About this exercise – Only the lines from the one containing "CHEVROLET Captiva 2.2" to the end of the entries should be written out, each exactly as it stands, both ends included.

*** Data excerpts Section Begins ***

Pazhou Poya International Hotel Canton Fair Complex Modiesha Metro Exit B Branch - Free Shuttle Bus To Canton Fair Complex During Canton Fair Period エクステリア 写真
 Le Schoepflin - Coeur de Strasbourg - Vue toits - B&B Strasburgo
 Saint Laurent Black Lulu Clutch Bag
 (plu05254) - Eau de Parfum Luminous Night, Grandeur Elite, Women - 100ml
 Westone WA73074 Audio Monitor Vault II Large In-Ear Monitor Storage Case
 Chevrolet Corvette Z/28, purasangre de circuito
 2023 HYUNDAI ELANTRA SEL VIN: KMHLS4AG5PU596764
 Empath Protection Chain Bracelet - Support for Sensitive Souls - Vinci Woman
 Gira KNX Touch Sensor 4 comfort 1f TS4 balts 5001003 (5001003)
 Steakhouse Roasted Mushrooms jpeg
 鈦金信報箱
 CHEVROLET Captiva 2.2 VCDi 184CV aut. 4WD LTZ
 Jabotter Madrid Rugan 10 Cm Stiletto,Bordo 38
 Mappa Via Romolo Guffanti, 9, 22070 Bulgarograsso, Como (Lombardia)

*** Data excerpts Section Ends ***

Response to the task –
 CHEVROLET Captiva 2.2 VCDi 184CV aut. 4WD LTZ
 Jabotter Madrid Rugan 10 Cm Stiletto,Bordo 38
 Mappa Via Romolo Guffanti, 9, 22070 Bulgarograsso, Como (Lombardia)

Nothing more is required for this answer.